Asked about the case on Wednesday, Obama acknowledged “not having been there, and not seeing all the facts.” “But, I think it’s fair to say, number one, any of us would be pretty angry. Number two, that the Cambridge police acted stupidly in arresting somebody when there was already proof that they were in their own home,” Obama said.
The arrest, and the media frenzy over the story and Obama’s comments, illustrate how race relations remain a delicate issue in the United States, despite Obama’s historic election as the country’s first African-American president.
Obama tried to distance himself from racial controversy during his presidential campaign, but his comments have thrown him back into the centre of the passionate race debate.
Crowley, who describes himself as an Obama supporter, said the president was “way off base wading into a local issue without knowing all the facts.” The police officer said he had no idea whether Gates was a homeowner or a criminal when he arrived on the scene and asked the professor to identify himself.

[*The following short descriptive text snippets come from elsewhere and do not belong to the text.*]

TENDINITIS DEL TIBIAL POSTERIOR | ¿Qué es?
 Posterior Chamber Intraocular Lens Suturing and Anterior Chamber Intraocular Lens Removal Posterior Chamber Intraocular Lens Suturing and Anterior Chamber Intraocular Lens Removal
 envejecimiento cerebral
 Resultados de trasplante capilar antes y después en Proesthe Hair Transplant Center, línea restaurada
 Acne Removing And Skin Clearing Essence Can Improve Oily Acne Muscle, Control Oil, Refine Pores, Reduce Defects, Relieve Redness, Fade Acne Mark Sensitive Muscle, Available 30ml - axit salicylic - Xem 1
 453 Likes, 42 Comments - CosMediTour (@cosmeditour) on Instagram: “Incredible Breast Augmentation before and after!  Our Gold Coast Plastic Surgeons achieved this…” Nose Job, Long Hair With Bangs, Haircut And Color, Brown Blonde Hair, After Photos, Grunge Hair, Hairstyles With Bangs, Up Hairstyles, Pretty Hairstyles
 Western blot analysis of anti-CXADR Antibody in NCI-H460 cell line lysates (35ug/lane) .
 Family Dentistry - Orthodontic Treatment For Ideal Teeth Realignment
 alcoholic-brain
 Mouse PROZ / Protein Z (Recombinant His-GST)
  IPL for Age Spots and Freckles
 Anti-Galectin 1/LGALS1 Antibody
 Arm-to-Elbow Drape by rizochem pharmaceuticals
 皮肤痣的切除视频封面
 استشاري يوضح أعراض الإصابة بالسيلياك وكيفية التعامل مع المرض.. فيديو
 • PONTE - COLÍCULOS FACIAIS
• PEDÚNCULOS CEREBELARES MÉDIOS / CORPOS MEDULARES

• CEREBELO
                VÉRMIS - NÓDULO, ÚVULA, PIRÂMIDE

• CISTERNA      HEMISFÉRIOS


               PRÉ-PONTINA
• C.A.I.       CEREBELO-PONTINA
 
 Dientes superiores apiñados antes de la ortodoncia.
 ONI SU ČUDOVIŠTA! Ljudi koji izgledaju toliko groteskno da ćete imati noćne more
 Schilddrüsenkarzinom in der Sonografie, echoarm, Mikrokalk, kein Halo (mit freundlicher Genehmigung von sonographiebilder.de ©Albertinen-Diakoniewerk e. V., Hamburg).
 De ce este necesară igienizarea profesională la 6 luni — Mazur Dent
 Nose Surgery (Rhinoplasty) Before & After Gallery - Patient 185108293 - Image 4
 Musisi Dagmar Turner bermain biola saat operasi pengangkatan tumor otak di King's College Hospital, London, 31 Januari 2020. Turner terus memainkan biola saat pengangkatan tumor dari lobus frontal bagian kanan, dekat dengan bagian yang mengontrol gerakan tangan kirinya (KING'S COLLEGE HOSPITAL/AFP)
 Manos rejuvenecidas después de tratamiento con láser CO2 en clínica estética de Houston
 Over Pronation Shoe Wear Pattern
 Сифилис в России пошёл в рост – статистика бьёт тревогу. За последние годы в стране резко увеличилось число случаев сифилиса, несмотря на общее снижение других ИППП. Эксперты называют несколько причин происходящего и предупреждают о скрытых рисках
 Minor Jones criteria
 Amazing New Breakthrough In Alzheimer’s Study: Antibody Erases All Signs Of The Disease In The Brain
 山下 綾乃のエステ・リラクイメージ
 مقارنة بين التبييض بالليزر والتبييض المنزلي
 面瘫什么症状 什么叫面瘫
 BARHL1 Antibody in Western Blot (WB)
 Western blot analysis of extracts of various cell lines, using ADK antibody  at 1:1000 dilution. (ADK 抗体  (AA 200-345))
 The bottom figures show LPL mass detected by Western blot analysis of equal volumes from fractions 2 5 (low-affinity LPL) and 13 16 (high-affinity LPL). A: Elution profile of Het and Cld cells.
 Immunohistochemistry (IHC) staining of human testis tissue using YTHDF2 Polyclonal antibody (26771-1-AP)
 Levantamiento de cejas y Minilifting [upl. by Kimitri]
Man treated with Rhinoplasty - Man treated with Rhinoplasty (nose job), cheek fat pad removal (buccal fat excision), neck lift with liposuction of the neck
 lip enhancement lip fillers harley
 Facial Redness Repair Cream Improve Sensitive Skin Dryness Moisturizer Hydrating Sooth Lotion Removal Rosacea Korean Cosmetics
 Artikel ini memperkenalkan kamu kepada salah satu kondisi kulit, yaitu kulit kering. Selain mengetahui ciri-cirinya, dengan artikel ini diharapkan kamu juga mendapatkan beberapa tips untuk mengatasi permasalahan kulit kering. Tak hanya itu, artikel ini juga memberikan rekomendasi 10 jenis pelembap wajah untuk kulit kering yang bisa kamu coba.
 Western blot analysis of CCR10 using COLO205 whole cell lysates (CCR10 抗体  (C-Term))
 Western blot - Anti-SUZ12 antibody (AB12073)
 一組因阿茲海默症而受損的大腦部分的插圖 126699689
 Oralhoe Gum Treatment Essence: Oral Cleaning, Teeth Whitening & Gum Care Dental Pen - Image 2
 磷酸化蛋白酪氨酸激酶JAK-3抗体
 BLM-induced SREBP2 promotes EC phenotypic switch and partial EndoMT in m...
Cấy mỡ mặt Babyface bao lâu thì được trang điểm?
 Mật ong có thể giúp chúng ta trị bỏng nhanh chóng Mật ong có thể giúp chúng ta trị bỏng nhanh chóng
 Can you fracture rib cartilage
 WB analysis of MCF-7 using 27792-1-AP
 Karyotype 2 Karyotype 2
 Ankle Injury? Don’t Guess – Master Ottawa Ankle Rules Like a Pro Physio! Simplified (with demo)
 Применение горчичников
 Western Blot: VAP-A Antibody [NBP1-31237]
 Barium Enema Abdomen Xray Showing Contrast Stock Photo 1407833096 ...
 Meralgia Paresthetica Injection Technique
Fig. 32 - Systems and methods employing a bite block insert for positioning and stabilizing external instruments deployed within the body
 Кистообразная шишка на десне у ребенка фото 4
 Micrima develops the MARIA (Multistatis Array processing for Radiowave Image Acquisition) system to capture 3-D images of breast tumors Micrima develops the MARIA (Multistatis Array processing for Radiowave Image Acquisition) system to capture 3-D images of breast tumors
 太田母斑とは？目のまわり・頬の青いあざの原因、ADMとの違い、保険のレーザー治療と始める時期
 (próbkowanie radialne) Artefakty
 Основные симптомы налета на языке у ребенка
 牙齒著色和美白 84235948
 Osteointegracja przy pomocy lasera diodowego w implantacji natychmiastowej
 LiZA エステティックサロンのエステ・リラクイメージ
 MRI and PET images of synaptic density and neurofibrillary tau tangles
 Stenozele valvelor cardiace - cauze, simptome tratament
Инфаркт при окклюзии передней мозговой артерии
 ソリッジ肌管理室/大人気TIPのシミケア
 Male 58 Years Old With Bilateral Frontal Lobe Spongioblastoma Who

The scholar, Crowley said, responded to his request with invectives, including insults about the police sergeant’s mother, prompting his arrest on disorderly behaviour charges, which have since been dropped.
Crowley described Gates’ accusations of racism as “ridiculous” and said he had no intention of apologising because “I’ve done nothing wrong.” Cambridge police commissioner Robert Haas offered support for Crowley, saying he “acted in a way that is consistent with his training... I do not believe that his actions in any way were racially motivated.”
In an interview with ABC television, Obama expressed surprise at the firestorm sparked by his remarks. “I have to say I am surprised by the controversy surrounding my statement because I think it was a pretty straight forward commentary that you probably don’t need to handcuff a guy, a middle-aged man who uses a cane, who’s in his own home.
“I think that I have
extraordinary respect for the difficulties of the job that police officers do,” Obama added. “And
my suspicion is that words were exchanged between the police officer and Mr Gates and that everybody should have just settled down and cooler heads should have prevailed.